Stored items from a collection:
....................

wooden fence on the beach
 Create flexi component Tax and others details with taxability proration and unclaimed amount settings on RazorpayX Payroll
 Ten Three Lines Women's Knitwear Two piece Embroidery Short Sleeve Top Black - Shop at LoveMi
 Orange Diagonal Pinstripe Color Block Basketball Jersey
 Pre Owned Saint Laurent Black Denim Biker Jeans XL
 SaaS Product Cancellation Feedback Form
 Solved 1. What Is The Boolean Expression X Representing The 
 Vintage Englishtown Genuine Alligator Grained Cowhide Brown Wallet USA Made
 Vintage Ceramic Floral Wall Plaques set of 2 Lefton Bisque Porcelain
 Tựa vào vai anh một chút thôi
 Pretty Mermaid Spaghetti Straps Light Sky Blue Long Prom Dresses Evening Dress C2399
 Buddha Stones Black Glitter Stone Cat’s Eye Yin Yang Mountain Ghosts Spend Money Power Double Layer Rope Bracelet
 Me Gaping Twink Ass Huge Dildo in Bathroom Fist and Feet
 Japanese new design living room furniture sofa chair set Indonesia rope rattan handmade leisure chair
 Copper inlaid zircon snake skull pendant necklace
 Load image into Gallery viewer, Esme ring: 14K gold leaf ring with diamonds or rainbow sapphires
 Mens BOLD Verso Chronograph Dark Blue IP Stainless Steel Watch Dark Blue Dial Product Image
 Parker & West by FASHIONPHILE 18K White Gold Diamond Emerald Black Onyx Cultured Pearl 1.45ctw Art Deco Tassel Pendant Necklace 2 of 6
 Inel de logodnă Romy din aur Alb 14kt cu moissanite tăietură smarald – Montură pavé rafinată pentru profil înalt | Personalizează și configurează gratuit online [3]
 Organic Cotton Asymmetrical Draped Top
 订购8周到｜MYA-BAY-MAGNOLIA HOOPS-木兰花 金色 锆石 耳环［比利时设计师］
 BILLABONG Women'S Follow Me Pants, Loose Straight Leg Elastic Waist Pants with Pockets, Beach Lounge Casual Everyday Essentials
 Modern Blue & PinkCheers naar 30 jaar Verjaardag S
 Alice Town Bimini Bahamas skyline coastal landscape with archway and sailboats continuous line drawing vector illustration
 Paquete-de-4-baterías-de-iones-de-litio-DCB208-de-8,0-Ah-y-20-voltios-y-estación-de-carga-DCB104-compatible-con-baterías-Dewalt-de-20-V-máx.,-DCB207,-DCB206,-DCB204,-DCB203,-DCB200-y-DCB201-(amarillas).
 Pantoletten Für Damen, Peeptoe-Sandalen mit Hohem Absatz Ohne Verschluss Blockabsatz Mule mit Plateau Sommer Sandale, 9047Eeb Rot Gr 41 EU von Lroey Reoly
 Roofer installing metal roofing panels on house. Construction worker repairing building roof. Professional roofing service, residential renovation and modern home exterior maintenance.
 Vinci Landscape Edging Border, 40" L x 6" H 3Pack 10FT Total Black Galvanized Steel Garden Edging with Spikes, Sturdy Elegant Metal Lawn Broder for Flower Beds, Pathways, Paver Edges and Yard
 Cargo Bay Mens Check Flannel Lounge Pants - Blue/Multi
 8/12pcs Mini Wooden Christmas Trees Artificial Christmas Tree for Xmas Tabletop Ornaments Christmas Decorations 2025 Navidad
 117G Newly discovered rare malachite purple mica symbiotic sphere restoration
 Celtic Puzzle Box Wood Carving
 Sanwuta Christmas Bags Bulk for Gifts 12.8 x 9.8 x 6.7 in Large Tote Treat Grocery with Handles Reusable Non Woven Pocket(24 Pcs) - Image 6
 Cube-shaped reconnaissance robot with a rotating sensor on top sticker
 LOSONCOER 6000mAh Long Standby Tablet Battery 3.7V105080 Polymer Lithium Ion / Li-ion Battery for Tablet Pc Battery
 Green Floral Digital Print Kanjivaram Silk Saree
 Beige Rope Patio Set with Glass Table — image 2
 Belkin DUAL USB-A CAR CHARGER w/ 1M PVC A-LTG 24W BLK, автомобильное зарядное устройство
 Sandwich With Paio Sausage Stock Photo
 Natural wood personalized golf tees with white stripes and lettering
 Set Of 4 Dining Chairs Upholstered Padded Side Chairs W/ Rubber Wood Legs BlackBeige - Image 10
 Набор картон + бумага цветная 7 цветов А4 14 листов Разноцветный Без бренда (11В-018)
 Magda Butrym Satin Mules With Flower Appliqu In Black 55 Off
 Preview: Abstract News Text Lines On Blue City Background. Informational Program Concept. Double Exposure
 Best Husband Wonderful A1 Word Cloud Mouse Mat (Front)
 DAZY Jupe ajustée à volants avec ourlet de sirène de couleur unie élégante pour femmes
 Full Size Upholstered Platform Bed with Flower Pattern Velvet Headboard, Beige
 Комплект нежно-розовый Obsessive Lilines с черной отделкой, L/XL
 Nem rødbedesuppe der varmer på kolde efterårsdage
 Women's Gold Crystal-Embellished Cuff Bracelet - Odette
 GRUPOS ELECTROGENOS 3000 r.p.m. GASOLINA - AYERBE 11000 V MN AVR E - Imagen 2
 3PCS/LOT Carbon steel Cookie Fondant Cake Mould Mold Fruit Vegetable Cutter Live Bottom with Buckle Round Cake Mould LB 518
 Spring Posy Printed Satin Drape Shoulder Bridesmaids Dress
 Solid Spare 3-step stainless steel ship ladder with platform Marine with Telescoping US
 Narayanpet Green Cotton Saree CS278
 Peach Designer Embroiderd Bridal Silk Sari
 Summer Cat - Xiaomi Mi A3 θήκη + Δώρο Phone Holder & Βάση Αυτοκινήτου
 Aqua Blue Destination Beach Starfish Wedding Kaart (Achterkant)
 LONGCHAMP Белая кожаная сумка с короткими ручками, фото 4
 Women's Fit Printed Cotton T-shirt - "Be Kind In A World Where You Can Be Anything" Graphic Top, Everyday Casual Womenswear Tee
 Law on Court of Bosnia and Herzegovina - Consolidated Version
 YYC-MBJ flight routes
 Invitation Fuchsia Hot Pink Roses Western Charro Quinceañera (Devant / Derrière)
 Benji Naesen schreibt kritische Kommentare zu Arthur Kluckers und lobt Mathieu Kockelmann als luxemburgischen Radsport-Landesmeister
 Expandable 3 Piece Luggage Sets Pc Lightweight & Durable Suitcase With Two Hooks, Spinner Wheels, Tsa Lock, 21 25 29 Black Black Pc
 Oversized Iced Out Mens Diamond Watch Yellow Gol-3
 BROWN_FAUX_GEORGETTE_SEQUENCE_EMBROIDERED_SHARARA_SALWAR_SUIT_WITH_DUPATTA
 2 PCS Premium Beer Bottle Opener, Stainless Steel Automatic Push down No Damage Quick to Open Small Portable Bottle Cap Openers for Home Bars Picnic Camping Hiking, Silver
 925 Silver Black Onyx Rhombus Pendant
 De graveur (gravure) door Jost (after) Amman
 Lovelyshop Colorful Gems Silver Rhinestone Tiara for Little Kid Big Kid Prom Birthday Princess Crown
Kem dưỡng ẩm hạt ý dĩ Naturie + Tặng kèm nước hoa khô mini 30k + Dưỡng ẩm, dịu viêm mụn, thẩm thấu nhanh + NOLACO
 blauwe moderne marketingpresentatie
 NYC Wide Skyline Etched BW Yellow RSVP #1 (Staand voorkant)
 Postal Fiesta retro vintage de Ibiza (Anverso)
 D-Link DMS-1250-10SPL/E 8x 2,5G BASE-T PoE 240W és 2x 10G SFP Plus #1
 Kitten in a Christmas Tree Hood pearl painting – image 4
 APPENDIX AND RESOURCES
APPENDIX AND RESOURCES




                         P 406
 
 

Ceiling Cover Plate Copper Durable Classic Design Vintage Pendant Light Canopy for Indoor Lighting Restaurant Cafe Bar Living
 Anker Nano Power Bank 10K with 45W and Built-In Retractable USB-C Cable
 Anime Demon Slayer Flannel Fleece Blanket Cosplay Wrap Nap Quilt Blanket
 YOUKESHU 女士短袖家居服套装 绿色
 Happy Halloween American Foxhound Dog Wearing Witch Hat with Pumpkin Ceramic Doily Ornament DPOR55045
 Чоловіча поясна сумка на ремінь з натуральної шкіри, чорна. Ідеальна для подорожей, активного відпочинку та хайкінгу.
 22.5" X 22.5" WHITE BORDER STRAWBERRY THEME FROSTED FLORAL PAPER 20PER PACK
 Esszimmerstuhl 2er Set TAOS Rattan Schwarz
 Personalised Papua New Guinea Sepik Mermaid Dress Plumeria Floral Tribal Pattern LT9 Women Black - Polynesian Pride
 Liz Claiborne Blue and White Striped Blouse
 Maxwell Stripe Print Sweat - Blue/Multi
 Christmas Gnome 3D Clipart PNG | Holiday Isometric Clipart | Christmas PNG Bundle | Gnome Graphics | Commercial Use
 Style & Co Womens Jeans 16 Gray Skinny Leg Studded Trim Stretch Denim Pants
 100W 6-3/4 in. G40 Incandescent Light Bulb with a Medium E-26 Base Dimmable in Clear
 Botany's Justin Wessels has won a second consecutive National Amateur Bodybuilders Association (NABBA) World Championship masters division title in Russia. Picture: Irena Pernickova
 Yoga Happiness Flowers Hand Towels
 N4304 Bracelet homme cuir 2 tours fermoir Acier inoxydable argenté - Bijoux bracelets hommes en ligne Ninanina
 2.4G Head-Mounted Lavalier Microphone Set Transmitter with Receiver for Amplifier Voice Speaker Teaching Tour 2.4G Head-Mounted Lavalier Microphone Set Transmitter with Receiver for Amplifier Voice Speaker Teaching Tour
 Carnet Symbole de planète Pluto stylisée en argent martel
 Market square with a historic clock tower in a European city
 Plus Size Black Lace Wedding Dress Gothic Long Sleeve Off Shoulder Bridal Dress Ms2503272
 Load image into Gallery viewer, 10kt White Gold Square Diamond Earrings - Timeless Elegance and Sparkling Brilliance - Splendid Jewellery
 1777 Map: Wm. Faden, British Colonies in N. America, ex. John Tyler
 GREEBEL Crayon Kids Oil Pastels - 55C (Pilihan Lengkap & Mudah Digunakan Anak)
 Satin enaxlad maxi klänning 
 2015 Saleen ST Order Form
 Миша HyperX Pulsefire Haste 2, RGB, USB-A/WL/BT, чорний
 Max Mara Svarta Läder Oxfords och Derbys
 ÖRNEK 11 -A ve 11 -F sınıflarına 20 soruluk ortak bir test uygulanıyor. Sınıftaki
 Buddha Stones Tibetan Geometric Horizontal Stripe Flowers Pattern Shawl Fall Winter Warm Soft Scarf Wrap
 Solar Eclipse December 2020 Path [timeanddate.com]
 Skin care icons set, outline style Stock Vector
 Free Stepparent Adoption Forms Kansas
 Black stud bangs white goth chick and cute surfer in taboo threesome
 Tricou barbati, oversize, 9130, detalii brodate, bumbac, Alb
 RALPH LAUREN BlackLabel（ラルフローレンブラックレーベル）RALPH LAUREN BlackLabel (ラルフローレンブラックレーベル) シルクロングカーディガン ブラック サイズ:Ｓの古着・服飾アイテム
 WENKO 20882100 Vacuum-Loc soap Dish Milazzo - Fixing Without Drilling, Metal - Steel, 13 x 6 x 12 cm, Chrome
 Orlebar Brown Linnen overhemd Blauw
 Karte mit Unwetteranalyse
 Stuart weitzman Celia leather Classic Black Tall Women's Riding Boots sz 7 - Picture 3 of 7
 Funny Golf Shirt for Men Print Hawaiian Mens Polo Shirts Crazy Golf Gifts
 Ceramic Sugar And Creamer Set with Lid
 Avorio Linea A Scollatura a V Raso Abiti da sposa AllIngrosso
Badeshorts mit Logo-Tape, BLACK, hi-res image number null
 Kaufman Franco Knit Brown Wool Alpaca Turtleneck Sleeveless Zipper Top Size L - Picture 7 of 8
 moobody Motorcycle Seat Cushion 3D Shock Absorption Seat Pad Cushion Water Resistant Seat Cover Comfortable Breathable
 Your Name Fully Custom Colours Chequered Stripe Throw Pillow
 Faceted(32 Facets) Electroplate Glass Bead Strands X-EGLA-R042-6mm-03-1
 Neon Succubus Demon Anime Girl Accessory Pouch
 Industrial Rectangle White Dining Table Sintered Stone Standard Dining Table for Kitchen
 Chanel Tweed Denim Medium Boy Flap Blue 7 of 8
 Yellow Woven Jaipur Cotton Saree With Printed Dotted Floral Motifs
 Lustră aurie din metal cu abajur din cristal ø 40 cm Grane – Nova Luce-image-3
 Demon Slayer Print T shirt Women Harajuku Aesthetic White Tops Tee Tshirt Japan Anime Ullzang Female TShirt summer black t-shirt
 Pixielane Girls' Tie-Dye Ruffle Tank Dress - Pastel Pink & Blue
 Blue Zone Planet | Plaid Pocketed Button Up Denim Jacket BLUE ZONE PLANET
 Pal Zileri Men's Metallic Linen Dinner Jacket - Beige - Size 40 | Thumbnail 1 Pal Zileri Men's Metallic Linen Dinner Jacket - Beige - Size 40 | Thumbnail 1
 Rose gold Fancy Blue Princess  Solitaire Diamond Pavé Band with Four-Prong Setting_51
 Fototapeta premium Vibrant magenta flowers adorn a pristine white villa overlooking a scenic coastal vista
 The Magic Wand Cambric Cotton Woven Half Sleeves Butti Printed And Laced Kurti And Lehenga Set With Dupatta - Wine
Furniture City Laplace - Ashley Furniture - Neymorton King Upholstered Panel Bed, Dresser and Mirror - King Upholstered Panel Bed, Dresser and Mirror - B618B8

....................

**THE TASK:** Where a line above contains the word "Green", copy that line.

**FINISHED EXERCISE:**
 Green Floral Digital Print Kanjivaram Silk Saree
 Narayanpet Green Cotton Saree CS278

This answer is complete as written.